Sen. Hawley won election to the Senate decrying bias against conservatives by online platforms. He now proposes to act to “correct” this presumed bias. Forty years ago, his job would have been easier. The federal government claimed ownership of the airwaves and the power to license their use by broadcasters. The Federal Communications Commission (FCC) awarded licenses to broadcasters that promoted the public interest not least in the “fairness” of their political coverage. Government officials used the leverage created by licensing to harass and censor political speech.

The federal government does not own the internet, so a new FCC seems unlikely. In fact, Congress has favored the private over the government in regulating the internet. In 1996, Congress decided to immunize internet companies against the actions of their users and to empower them to remove content for various reasons, including it being “objectionable.” The platforms could remove such material without liability “whether or not it was constitutionally protected.” Congress, not the courts, decided the First Amendment did not apply to private forums for speech.

Sen. Hawley and his allies argue Section 230 subsidizes social media. They also say that the companies originally agreed to moderate their platforms in a politically neutral way in exchange for such subsides. In fact, Congress decided social media, unlike publishers, could not control ex ante the speech of their users. Holding platforms to a publishing standard could encourage too much moderation of speech to avoid liability, thereby restricting the growth of this new industry. Congress also empowered the companies to remove speech to fight obscenity on the new medium. Section 230 has nothing in common with Congress deciding to subsidize growing (or not growing) various crops.

However flawed, the subsidy argument does get Sen. Hawley to a licensing regime for social media. Subsidies should be granted in exchange for something, and why not the original “political neutrality” Sen. Hawley claims the companies promised and failed to deliver? The license this time is called an “immunity certification” granted by the Federal Trade Commission for two years to large internet content providers. This certification establishes that an internet company “does not moderate information provided by other information content providers in a manner that is biased against a political party, political candidate, or political viewpoint.”

The meaning of those terms may matter less than the process established by the bill to certify this “political neutrality.” The companies must convince four out of five members of the FTC that their content moderation is not politically biased. That fourth vote will decide whether companies operating social media platforms are granted Section 230 immunity.

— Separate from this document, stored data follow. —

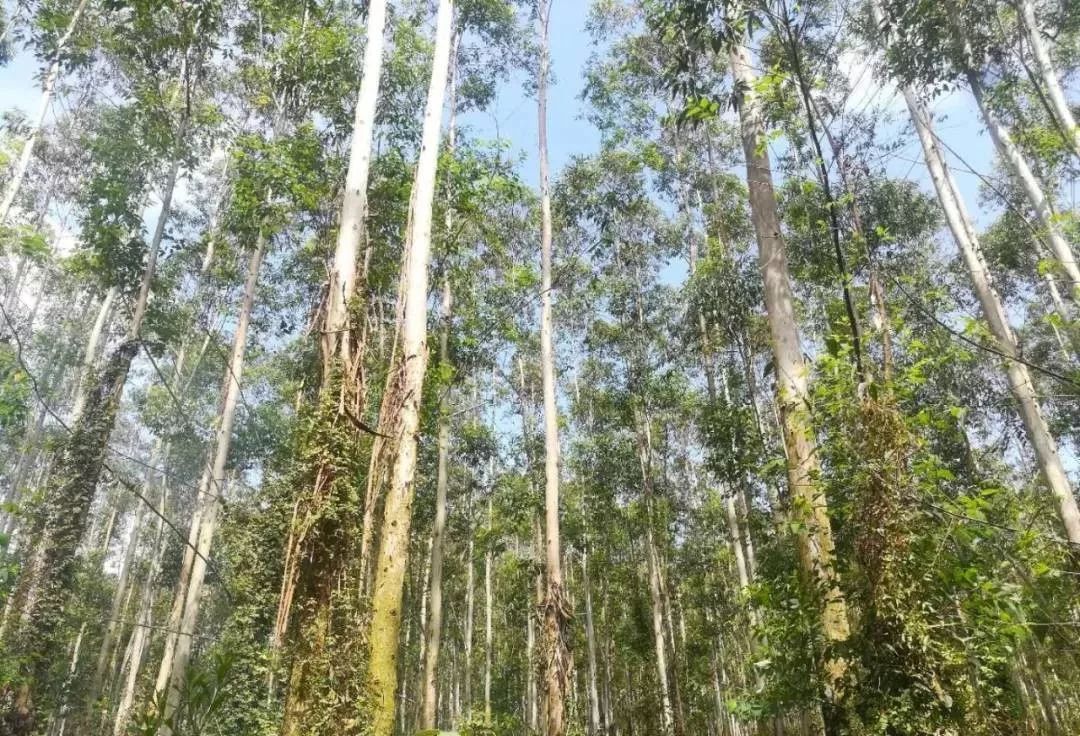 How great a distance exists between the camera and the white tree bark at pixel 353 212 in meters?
4.95

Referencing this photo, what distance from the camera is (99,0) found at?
12305mm

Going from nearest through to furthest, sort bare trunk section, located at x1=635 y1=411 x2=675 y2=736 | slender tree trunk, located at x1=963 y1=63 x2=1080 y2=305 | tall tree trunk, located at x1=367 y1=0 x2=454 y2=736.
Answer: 1. tall tree trunk, located at x1=367 y1=0 x2=454 y2=736
2. slender tree trunk, located at x1=963 y1=63 x2=1080 y2=305
3. bare trunk section, located at x1=635 y1=411 x2=675 y2=736

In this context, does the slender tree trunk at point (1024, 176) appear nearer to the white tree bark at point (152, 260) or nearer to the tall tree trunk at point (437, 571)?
the tall tree trunk at point (437, 571)

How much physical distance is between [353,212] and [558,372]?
13.6 metres

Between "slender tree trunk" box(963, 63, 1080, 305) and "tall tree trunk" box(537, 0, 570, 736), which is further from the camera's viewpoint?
"slender tree trunk" box(963, 63, 1080, 305)

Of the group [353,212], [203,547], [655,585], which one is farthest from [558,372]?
[353,212]

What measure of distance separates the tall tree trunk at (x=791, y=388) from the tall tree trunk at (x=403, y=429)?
2.58 meters

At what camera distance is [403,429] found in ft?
15.4

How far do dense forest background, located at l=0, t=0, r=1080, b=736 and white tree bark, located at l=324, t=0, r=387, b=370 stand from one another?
0.11 feet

Absent that certification, a social media company could continue in business. It might avoid the liability related to suppressing speech by letting everything on the platform. But the companies don’t do that now, primarily for business reasons: many users would be repelled by a platform permitting extremism. Another response to losing “immunity certification” would be moderating too much; content moderators might suppress any speech that could lead to liability and without protections, this suppression itself would lead to more lawsuits. The result would be at best a boring service hostile to speech and again, unattractive to users. In other words, losing certification might well do lasting damage to the economic value of a platform. To avoid such losses, a company would have to do whatever is necessary for to gain that fourth vote (and certification) at the FTC. We should not give that much power over business and speech to a federal agency.

Sen. Hawley’s bill seeks to undermine an older American conservatism. Not long ago, the Reagan legacy spoke powerfully to conservatives. Of course, the Reagan administration ended the Fairness Doctrine and in general, supported markets free of government regulation. Some now believe that times have changed and the ideals of 1980 no longer should guide conservative thinking. If that was “then,” Sen. Hawley is definitely “now.” But if conservatives are turning their backs on timeless ideals like free markets and free speech, what could conservatism mean beyond political necessity and the rage of transient majorities?

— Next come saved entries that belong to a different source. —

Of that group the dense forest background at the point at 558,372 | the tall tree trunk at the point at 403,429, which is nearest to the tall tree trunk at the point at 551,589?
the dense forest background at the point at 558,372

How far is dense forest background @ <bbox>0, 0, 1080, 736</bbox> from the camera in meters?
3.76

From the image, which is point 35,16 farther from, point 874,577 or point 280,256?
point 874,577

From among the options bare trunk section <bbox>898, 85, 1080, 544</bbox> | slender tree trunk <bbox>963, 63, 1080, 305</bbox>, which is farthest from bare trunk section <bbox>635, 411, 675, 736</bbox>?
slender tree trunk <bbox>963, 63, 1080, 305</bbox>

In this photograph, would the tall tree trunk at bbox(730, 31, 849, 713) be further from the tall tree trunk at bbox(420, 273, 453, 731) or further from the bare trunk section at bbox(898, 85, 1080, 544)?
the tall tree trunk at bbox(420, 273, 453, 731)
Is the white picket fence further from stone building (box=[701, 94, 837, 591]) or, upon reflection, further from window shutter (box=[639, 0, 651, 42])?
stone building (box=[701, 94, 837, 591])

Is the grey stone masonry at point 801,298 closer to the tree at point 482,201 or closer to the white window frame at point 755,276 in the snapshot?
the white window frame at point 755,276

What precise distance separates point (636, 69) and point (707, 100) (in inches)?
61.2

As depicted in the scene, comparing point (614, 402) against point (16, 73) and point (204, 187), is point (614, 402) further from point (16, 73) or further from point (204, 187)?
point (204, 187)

One final point. Sen. Hawley’s bill might lead to a good outcome: in invalidating the law, the Supreme Court might recognize clearly that social media curation deserves strong First Amendment protections. On the other hand, we also might end up with a Red Lion decision for the internet, that is, a decision supporting state oversight of speech and business on social media. Far better for Congress to take up its constitutional duties with this bill.

Other free speech advocates reject this licensing of social media for many good reasons (see Eric Goldman’s collection of links). This debate is just beginning. We can thank Sen. Hawley for making its stakes abundantly clear.

The Fairness Doctrine Was Terrible for Broadcasting and It Would Be Terrible for the Internet

Skepticism of big tech companies is surging on both sides of the political spectrum, from Democratic Senator Elizabeth Warren calling for breaking up Amazon to Republican Senator Josh Hawley advocating rules that would prohibit online viewpoint discrimination. This wave of techno-progressivism finds its latest expression in Slate journalist April Glaser’s article, “Bring Back the Golden Age of Broadcast Regulation.”

Glaser argues that the problems of internet discourse—eg hate speech, haphazard content moderation, and conspiracy peddling—are so trenchant that government intervention is warranted. She calls for applying the rules that once governed mid-twentieth century radio and television broadcasting to the internet, the most important of which was the mandate that broadcasting be done in the “public interest, convenience, and necessity” as laid out in the 1934 Communications Act. Inspired by that mandate, reform-minded progressives at the Federal Communications Commission (FCC) enacted the Fairness Doctrine in 1949, which required broadcasters to provide multiple points of view when discussing political disagreements.

Glaser’s proposal is light on details about how exactly broadcast rules would be adapted for the internet, but it is heavy on assurances that any such regulations would be “light-touch.” Those who worry that inviting the feds to just “do something” could lead to violations of free speech need not be concerned. As Glaser argues, “For decades, radio and television followed regulations—hardly heavy-handed ones—meant to ensure they served the information needs of their audiences and did not actively harm political discourse.”

That would be lovely, if it were true, but not a single part of that statement is correct. The belief that government regulation of internet content providers will be effective and minimally-invasive is rooted in a poor understanding of the history of broadcast regulation. That history actually suggests the opposite, that these regulations will be ineffective, highly-intrusive, and will create significant unintended consequences.

Why Section 230 Is Unstable

Everyone interested in social media should read Jeff Kosseff’s The Twenty-Six Words that Created the Internet. It provides an excellent history of Section 230, the legal foundation of social media. That might sound boring, but Kosseff makes it work by mixing stories and analysis without vitiating either. I agree with Kosseff that, problems notwithstanding, the benefits of Section 230 have outweighed its costs.

Given that, I don’t look forward to future editions of his book since they may document the “fall” of Section 230. In other words, the law is likely to be amended to limit the protections offered internet platforms. We have already seen changes meant to combat sex trafficking. Section 230’s most serious persistent vulnerability, however, comes from a mismatch between its statutory language and the larger world the law inhabits.

Our political world is divided between (let’s call them) Progressives and Conservatives. Progressives see society as a struggle between designated oppressor and oppressed groups. No one – not government, not the tech companies – should be neutral between these groups; everyone should favor the oppressed. Since the speech of oppressors is causally essential to the harms experienced by the oppressed, government and the platforms should suppress that speech to help the oppressed. Remember, no one is neutral in this endless struggle.

As it happens, given the extent of Progressive cultural authority, the language of Section 230 favors the Progressive cause. Here’s an edited version of Section 230(c)(2) that clarifies this point:

No provider or user of an interactive computer service shall be held liable on account of any action voluntarily taken in good faith to restrict access to or availability of material that the provider or user considers to be…objectionable, whether or not such material is constitutionally protected…[emphasis added]

So if content moderators think speech offending the oppressed is “objectionable,” they can banish it from their service.